Morgan Stanley management struck a positive tone Tuesday after the investment bank reported fourth quarter earnings that handily beat market expectations.
CFO Jon Pruzan told CNBC there is much more optimism for the bank than this time last year. People have a “half full” rather than a “half empty” mindset, he said, adding that the rising spread between long-term bond yields and shorter-term yields is good news for Morgan Stanley, and that tax reform will also be a positive.
A surge in sales and trading revenue helped Morgan Stanley’s earnings surpass forecasts.
Net revenue from bond sales and trading jumped by triple digits to $1.5 billion, up from $550 million a year ago. Total sales and trading net revenue rose 39 percent from the same quarter a year ago, to $3.2 billion.
The bank posted a profit of 81 cents a share on revenue of $9.02 billion.
Morgan Stanley was expected to post a profit of 65 cents a share on revenue of $8.47 billion, according to the consensus of analysts polled by Reuters.
“We reported solid results in sales and trading and advisory, and record revenues in wealth management, while managing expenses prudently,” Chairman and CEO James P. Gorman said in a release. “We are optimistic about opportunities in 2017 and beyond and remain focused on serving our clients and achieving our strategic objectives.”
Shares of the bank were down slightly just ahead of the opening bell after rising more than 1.5 percent following the earnings report. Shares of other major banks such as Goldman Sachs and JPMorgan Chase were also slightly lower in premarket trade.
Advisory revenues rose nearly 22 percent to $628 million on increased completed mergers and acquisitions, Morgan Stanley said in a release.
Wealth management pretax income from continuing operations was $891 million, up from $768 million a year ago.

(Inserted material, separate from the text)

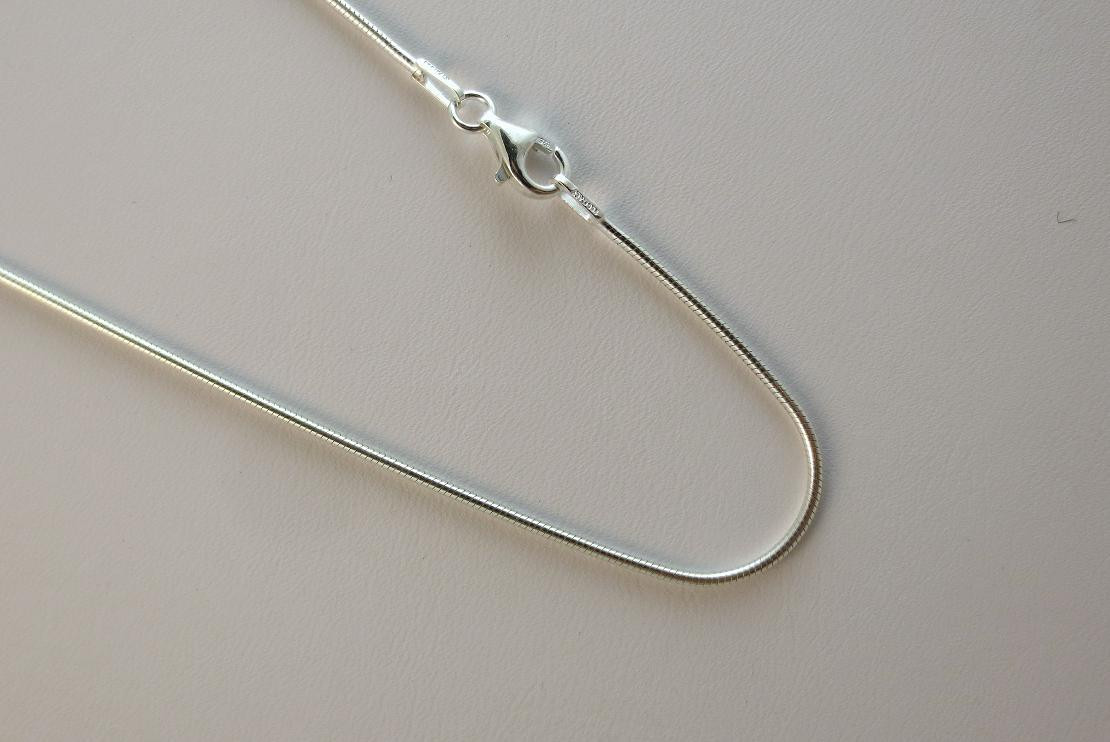 1.25mm Sterling Silver Snake Chain. Pure .925 Italian 16,18,20,22,24,30 inches.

Asset management fee revenues rose more than 4.5 percent to $2.2 billion, while net interest income jumped 26 percent, “principally driven by higher deposit and loan balances.”
The return on average common equity was 8 percent for the full year ended 2016.
The bank’s board of directors declared a 20 cent quarterly dividend per share, payable on Feb. 15, to common shareholders of record on Jan. 31.
Last Thursday, Reuters reported that Morgan Stanley laid off several senior investment bankers and cut bonuses by about 15 percent because of a decline in revenue stemming from dealmaking and capital-raising across Wall Street.
Pruzan told CNBC that recent staff changes were not “cuts” and were part of a normal process of personnel management.
The financial sector is up 17 percent since the presidential election, making it the best performer in the S&P 500. Morgan Stanley shares are up more than 28 percent over that time.